The most recent incarnation of hyperlocal content grew out the combination of satellite based location services and advanced wireless data built into mobile devices. Satellite-based location services allow a high degree of physical location precision. When combined with a mobile device's access to the vast set of Internet data and services, hyperlocal takes on new dimensions. Realtime internet awareness of an individual's precise location in time allows people and entities to consume or deliver hyperlocal content that is relevant to specific individuals at very small time scales.

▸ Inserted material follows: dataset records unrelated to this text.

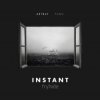 封面 Artbat - Tabu Artbat - Tabu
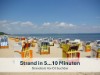 Billede 13
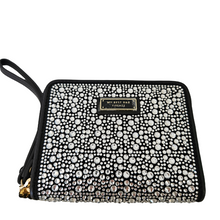 My Best Bag Portafoglio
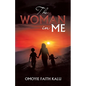 The Woman in Me - Paperback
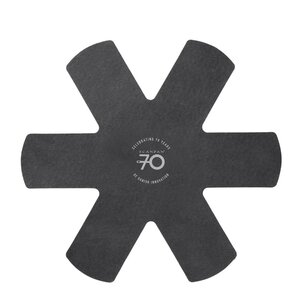 Scanpan Stekpanneskydd 38 cm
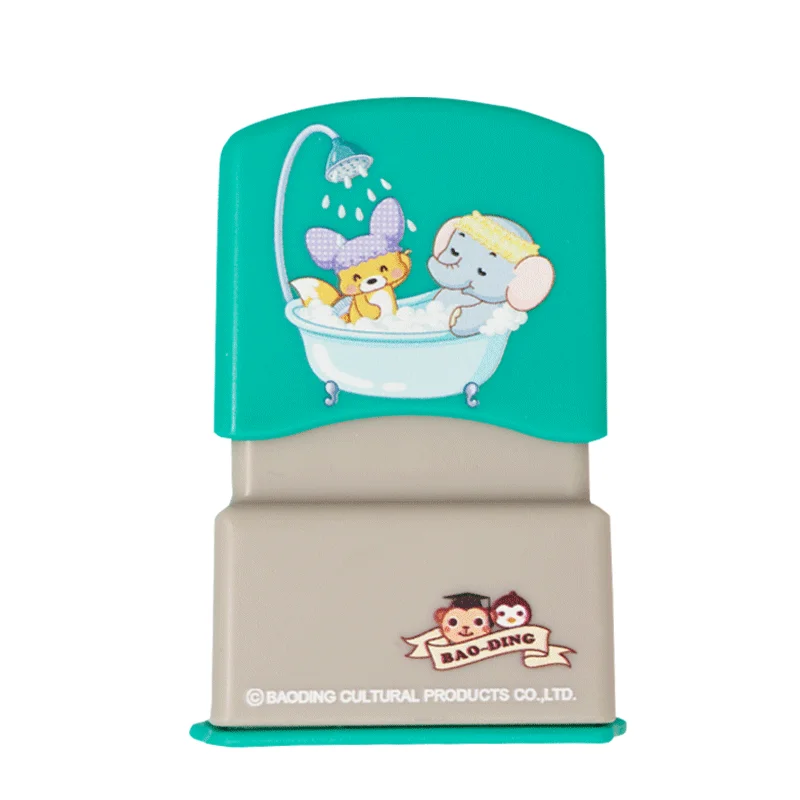 

vip штамп для одежды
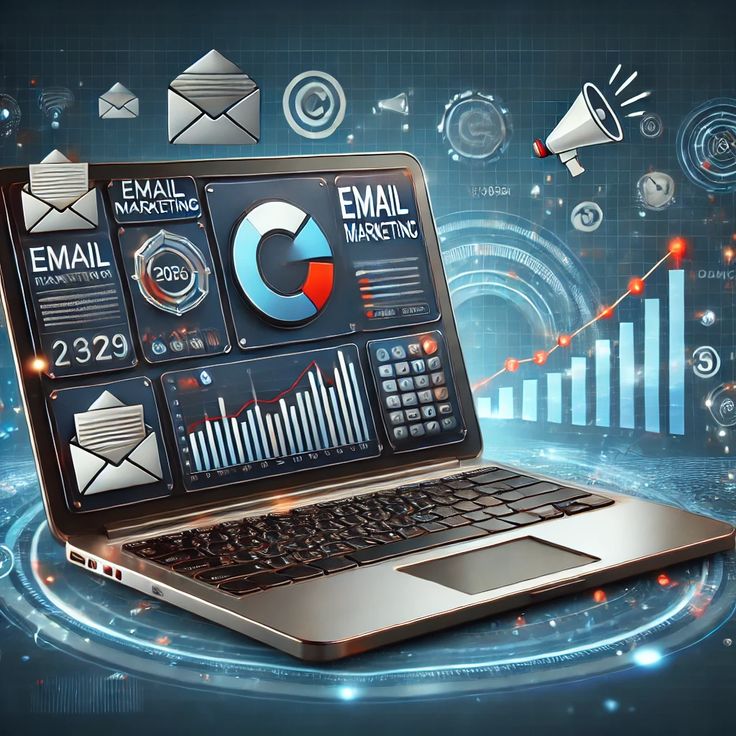 Email Marketing Image freelance-digital-marketing-services-calicut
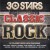 Buy VA - 30 Stars Classic Rock CD1 Mp3 Download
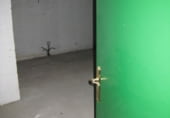 180m² commercial premises for rent in Lugo, in the area of Paradai photo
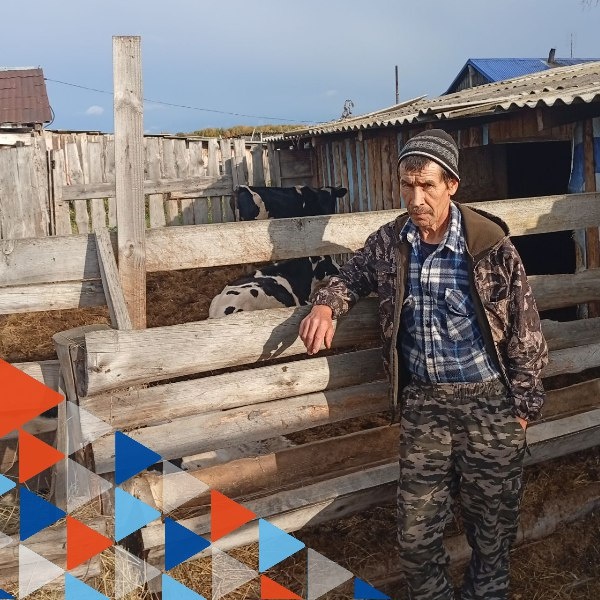 Фото: Департамент труда и занятости населения Тюменской области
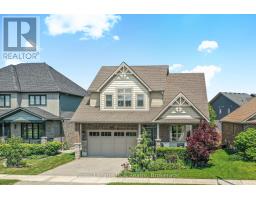 7 PORTLAND STREET, Collingwood, Ontario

Hyperlocal GPS mobile apps, in particular, change the nature of human interaction with their environment by providing a much faster, richer and relevant source of information. The mobile Internet data connection available to hyperlocal apps allows GPS location data to be fused with Internet data to improve the decision process of the user. Examples of these types of hyperlocal content providers are Google Maps, Foursquare and LaunchLawyer. In contrast to printed maps, the mobile Google Maps app allows users to identify places and interests around their current GPS location. In contrast to rating services or directories, the mobile Foursquare app uses GPS location data to enable users to make more informed choices and receive better deals. In contrast to printed or online lawyer directories, the GPS-enabled LaunchLawyer mobile app combines GPS awareness with the ability to almost instantly get a lawyer. In each case the combination of mobile device, GPS and the Internet changed the manner in which consumption of information, services or goods took place.

==Market penetration==
For large corporations, successfully targeting local populations can involve either shedding or leveraging corporate identity:
- Shedding corporate identity – Starbucks' 15th Avenue Coffee & Tea cafe in Seattle was not branded with its corporate owner until January 2011. Starbucks continued Roy Street Coffee as a separate brand. By shedding the corporate identity on that store, Starbucks hoped to better cater to the local culture through various events and unique offerings. Coffee tastings from experts and open mic night are examples of programs the national coffee chain offered without having it associated with the Starbucks brand.
- Leveraging corporate identity – The New York Times is tapping into the hyperlocal market online, through "mentor" programs. Essentially, the NY Times wants to have a hand in the editorial process of hundreds of local media outlets. By polishing online news content with their expertise, they seek to gain small portions of advertising revenue from those digital publications in whom they own a stake.

==Media structure==

While there are various ways in which hyperlocal content is being created and published, blogs have become a key part of the hyperlocal ecology. Their basic roles evident in the space include individual blogs, blog networks, and aggregators.

Some others initiatives are made for this purpose in the US by the company Marchex, and in France by the network ProXiti. They are developing networks of thousands hyperlocal news sites like www.10282.net (Manhattan 212) or www.75016.info (paris 16eme arrondissement).

In response to the burgeoning number of hyperlocal news sites in New Jersey, The Citizens Campaign founded the Hyperlocal News Association (HNA). The HNA works to foster and encourage growth of new hyperlocal sites across the state.

==Other examples==

Hyperlocal marketing is marketing for businesses focused on geographies such as neighborhoods, towns, streets, and spots located near well-known landmarks, e.g., a hyperlocal search for a 'coffee shop near me'.

There are other types of data which have hyperlocal relevance or interest to a narrow set of residents—e.g. a government statistic on crime rates in one's neighborhood—which, in nature, are data of a qualitatively different type.